SGA-INTERACT: A 3D Skeleton-based Benchmark for Group Activity Understanding in Modern Basketball Tactic
Yuchen Yang, Wei Wang, Yifei Liu, Linfeng Dong, Hao Wu, Mingxin Zhang, Zhihang Zhong, Xiao Sun
TL;DR
SGA-INTERACT introduces the first large-scale 3D skeleton-based benchmark for group activity understanding in modern basketball, featuring a novel Temporal Group Activity Localization (TGAL) task for untrimmed sequences. The One2Many framework unifies skeleton-based backbones with RGB-style design by using a pretrained individual-action backbone to extract per-player features and a temporal-spatial module (STAtt) to build group representations, enabling evaluation of both GAR and TGAL on the skeleton data. The dataset provides high-quality 3D skeletons from multi-view motion capture, 18 tactical categories with long temporal dependencies, and precise temporal boundaries, accompanied by extensive ablations showing the value of 3D data, extra information fusion, and pretrained backbones. Overall, SGA-INTERACT and One2Many establish a demanding benchmark that pushes advances in spatial-temporal modeling for group activities in sports and offers a bridge between RGB- and skeleton-based methodologies with practical implications for robust, view-invariant understanding.
Abstract
Group Activity Understanding is predominantly studied as Group Activity Recognition (GAR) task. However, existing GAR benchmarks suffer from coarse-grained activity vocabularies and the only data form in single-view, which hinder the evaluation of state-of-the-art algorithms.

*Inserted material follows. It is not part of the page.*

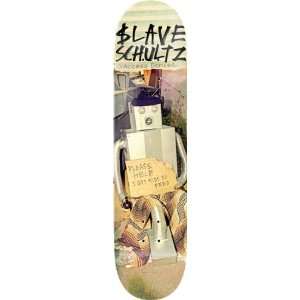  Slave Schultz Robot Skateboard Deck (8.37 Inch) Sports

To address these limitations, we introduce SGA-INTERACT, the first 3D skeleton-based benchmark for group activity understanding. It features complex activities inspired by basketball tactics, emphasizing rich spatial interactions and long-term dependencies. SGA-INTERACT introduces Temporal Group Activity Localization (TGAL) task, extending group activity understanding to untrimmed sequences, filling the gap left by GAR as a standalone task. In addition to the benchmark, we propose One2Many, a novel framework that employs a pretrained 3D skeleton backbone for unified individual feature extraction. This framework aligns with the feature extraction paradigm in RGB-based methods, enabling direct evaluation of RGB-based models on skeleton-based benchmarks. We conduct extensive evaluations on SGA-INTERACT using two skeleton-based methods, three RGB-based methods, and a proposed baseline within the One2Many framework. The general low performance of baselines highlights the benchmark's challenges, motivating advancements in group activity understanding.